Masking, unmasking procedures illustration

3.4 The Advantage of New Approaches Concerning Calculating Units Implementation Efficiency

The small levels number (various values of elements of a matrix) allows the matrices authors to implement the computations process very effectively, because the multiplication operation, as the most resource-intensive, can be replaced with the table selection operation (see Fig. 2). As a result, the multiplication is reduced to the fast memory selection operation. The necessary tables number in this case will be equal (k − 1), where k—is the levels number (since one of the elements—is always ‘1’), and each table size—to amount of possible various image pixels values (or color components).

Fig. 2
figure 2

An illustration to the multiplication operations replacement way with the tabular selection for the two-level matrix (with values 1, b) and at image pixel depth, equal to 8

Such computation way is equally simply implemented, both by means of program-controlled systems (on the basis of microprocessors), and programmable logical devices (PLD). That’s why it is difficult to overestimate this advantage in continuously growing dimension of the stored and transferred images the last time.

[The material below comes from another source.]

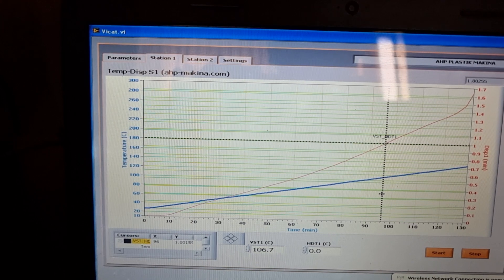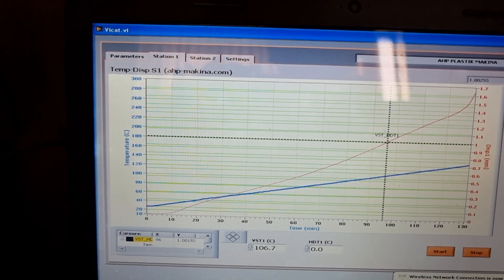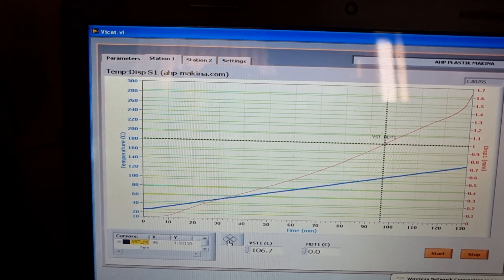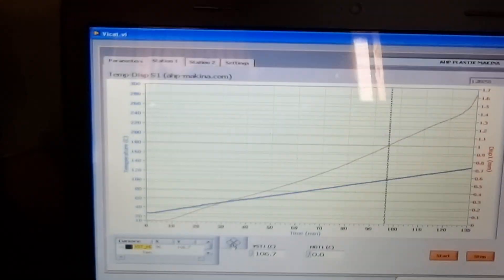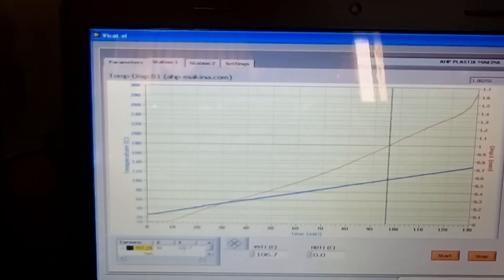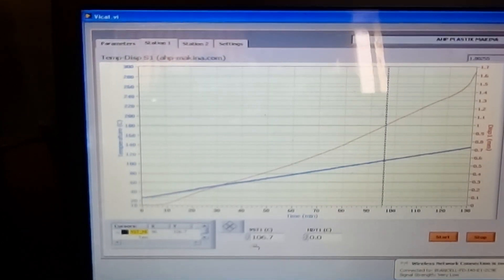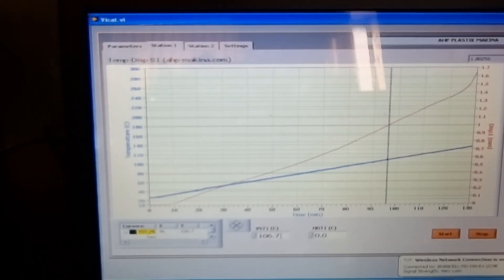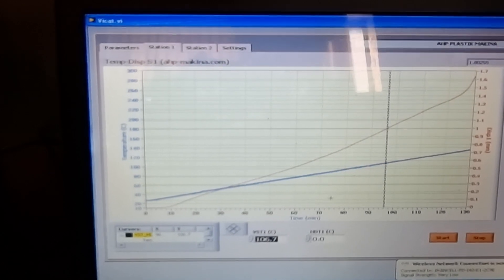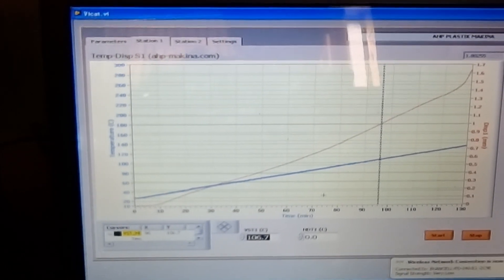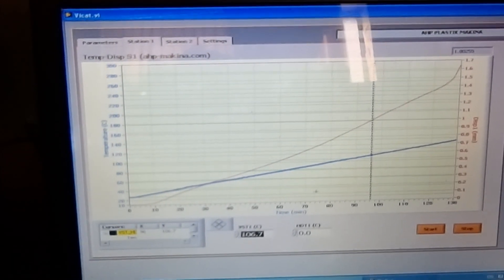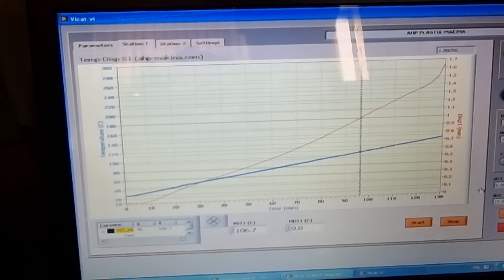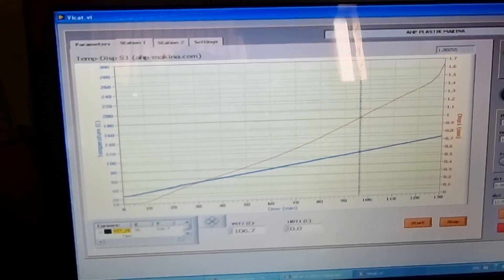Then click on the arrow again, then you will see the temperature here and it's the Vicat softening point of the sample under the test. Then after the test, you can click on report.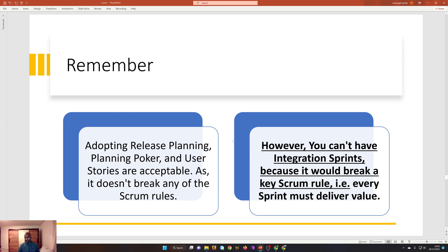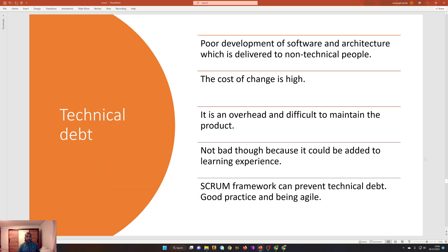Sprint zero or integration sprints are not part of a sprint — they are something extra and should not be included in the sprints. We have already discussed this. Now, technical debt is a very interesting concept.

3.5 The Advantage of the Possibility to Choose the Transformative Matrix Order

Application of the matrices operators intended for the image transfer into the spatial frequency area, with the exclusively fixed size, is a traditional approach for the modern images compression algorithms. Regardless of the image size in pixels and from its contents. This situation remains within decades in spite of the fact, that actually there have already been some technological revolutions during this time that led to multiple increasing of images size.

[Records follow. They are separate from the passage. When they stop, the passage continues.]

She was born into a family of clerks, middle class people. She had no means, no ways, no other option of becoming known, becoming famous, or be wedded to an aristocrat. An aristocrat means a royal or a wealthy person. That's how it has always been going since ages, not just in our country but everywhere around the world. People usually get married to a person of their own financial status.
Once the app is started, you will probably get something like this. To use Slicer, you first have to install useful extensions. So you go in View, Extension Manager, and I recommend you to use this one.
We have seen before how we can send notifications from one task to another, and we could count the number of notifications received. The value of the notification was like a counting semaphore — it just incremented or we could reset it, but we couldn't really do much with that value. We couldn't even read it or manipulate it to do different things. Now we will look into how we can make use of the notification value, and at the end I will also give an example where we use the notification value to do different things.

M-matrices tools existence provides advantage in any reformative matrices order variation (with a single step), when performing compression, based on the image resolution data and on the spatial-frequency characteristics of its separate areas. It is possible to consider critically expediency of the operator 8 dimension application and for lower resolution images, and also for HD resolutions for a primitive illustration of this consideration. And also for the image areas, rich in the small details and large plain areas.

4 Conclusion

The further development of algorithms to reduce channel capacity required for data transmission or amount of free space required for data storage is likely to be governed by the area of application of these algorithms. The current trend of “mobilization” of personal computers that expands the markets of laptops, ultrabooks, communicators and tablet computers, as well as the tendency of the dominance of visual information over the other types of information on the Internet will require the change in the set of approaches to video and image compression. Besides, the traditional methods using the specific aspects of the human visual perception are almost at the end of their development options.

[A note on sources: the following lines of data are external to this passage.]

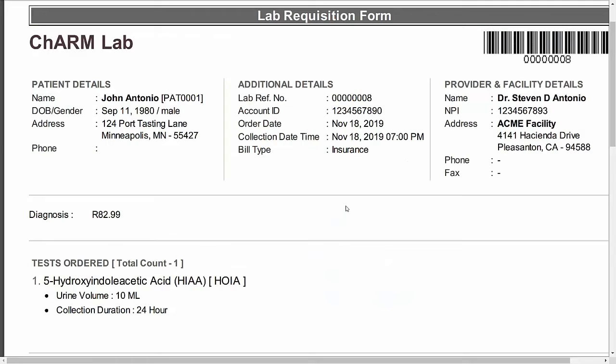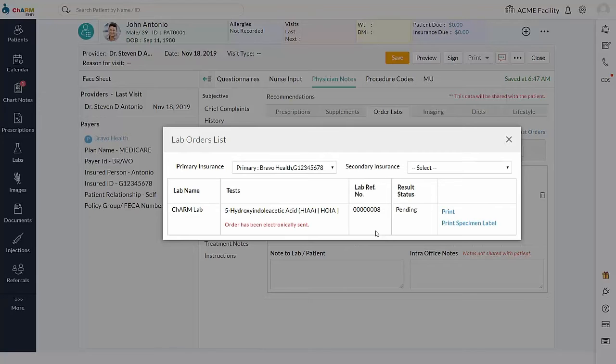If the specimen is being collected at the integrated lab's patient service center, printed order requisition copy can be handed to the patient. In lab's patient service center, lab staff pulls the associated electronic order from lab's system and draws the specimen from patient being tested. Else, if the specimen is being collected at a practice in-house laboratory, specimen can be collected in practice and it can be transported to integrated lab for testing.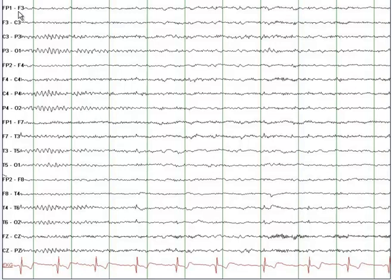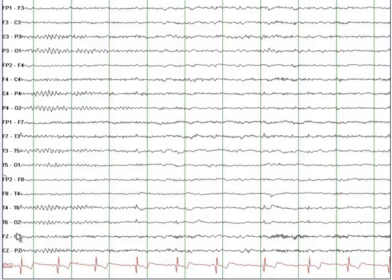On EEG, when you see an odd number in front of any of those alphabets, those odd numbers record electrical activity from the left side of the brain. Where you see even numbers, those are recording from the right side of the brain. And electrodes ending with Z are recording from the midline.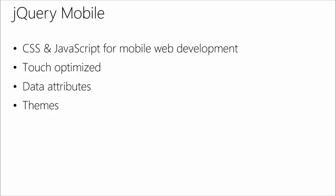jQuery mobile is another really good library. It has CSS and JavaScript, but it's specific to mobile web development. It's touch-optimized because that's what people are using on phones and tablets. It does all the touch stuff.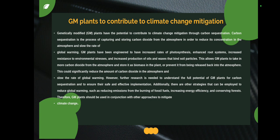Now we see how genetically modified plants contribute to climate change mitigation. GM plants have the potential to contribute to climate change mitigation through carbon sequestration. By increasing carbon sequestration, we are removing carbon dioxide from the atmosphere, and by removing carbon dioxide, its concentration in the atmosphere decreases, making our environment more climate-friendly. Carbon sequestration is the process of capturing and storing carbon dioxide from the atmosphere in order to reduce its concentration and slow the rate of global warming.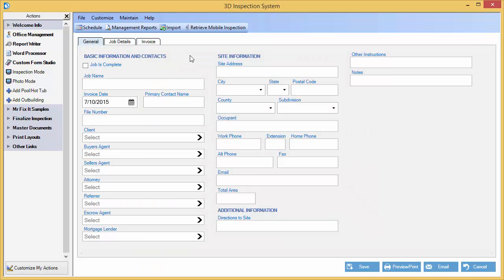We add a new job. We can go directly to the postal code field and enter in our code.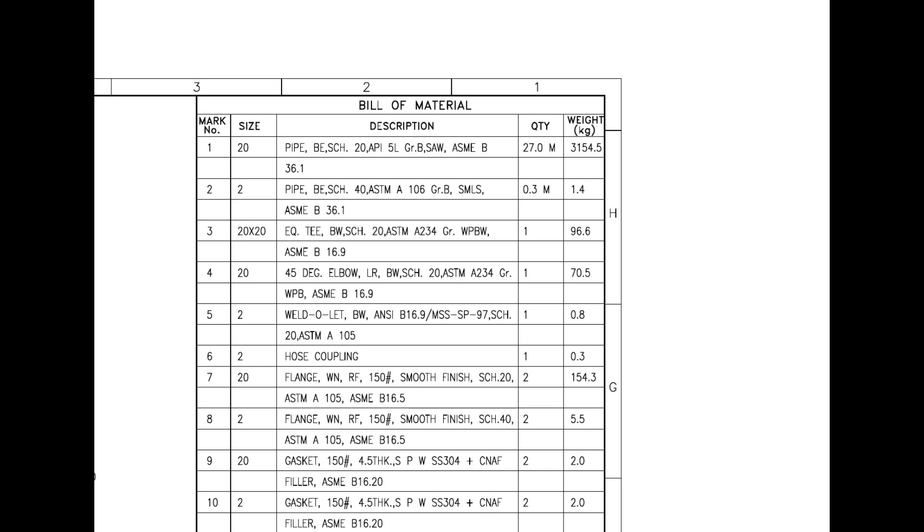Mark number 2 is 2-inch DIA, bevel ended seamless pipe. SMLS stands for seamless. Mark number 3 is an equal T, and BW stands for butt weld.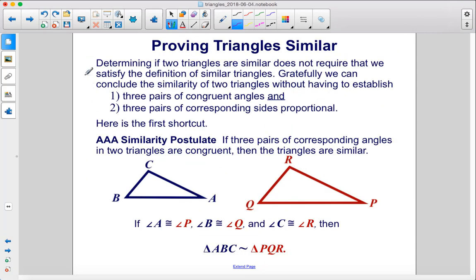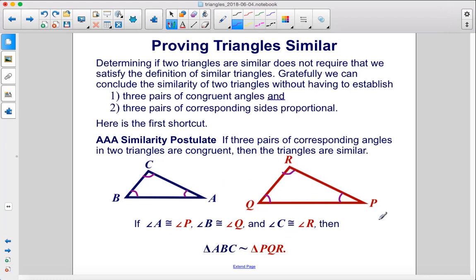Proving that triangles are similar. Determining if two triangles are similar does not require that we satisfy the full definition of similar triangles. We can conclude similarity without having to establish three pairs of congruent angles and three pairs of proportional corresponding sides. Here's the first shortcut: the AAA similarity postulate. If three pairs of corresponding angles in two triangles are congruent, then the triangles are similar. So if angle A is congruent to angle P, angle B is congruent to angle Q, and angle C is congruent to angle R, then the triangles are similar.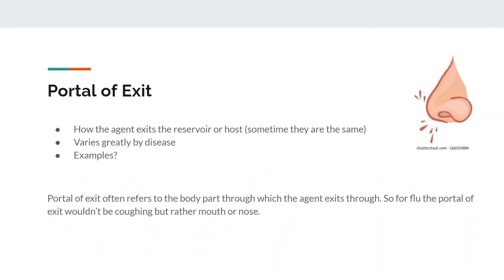The portal of exit is how the agent exits the reservoir or host. This varies greatly by disease and mode of transmission. Most orifices — openings to the body — can be portals of exit, as can excretions. Common ones include ears, eyes, nose, and mouth. Blood can also be a portal of exit through mechanical devices, such as shared needles among drug users. The portal of exit is generally the body part through which the agent exits.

It should be kept in mind that finding more and more efficient ways to reduce the size of data transmitted over the open communication channels is only one of the challenges. It is also necessary to solve the problem of confidentiality with a reasonable increase in the required computing power. In this sense, the emergence of bases of quasi-orthogonal low-level matrices (M-matrices) is very timely. These bases have opened yet inaccessible application possibilities in the field of digital visual information processing, such as:

  • Simultaneous combination of data transformation procedures in order to compress and protect the information from unauthorized access.

  • Reduced performance requirements for computers that perform direct and reverse transformation.

  • Selection of transform matrix dimensions depending on the dimension of pixel matrix of an original image and the data on frequency spatial distribution in its areas.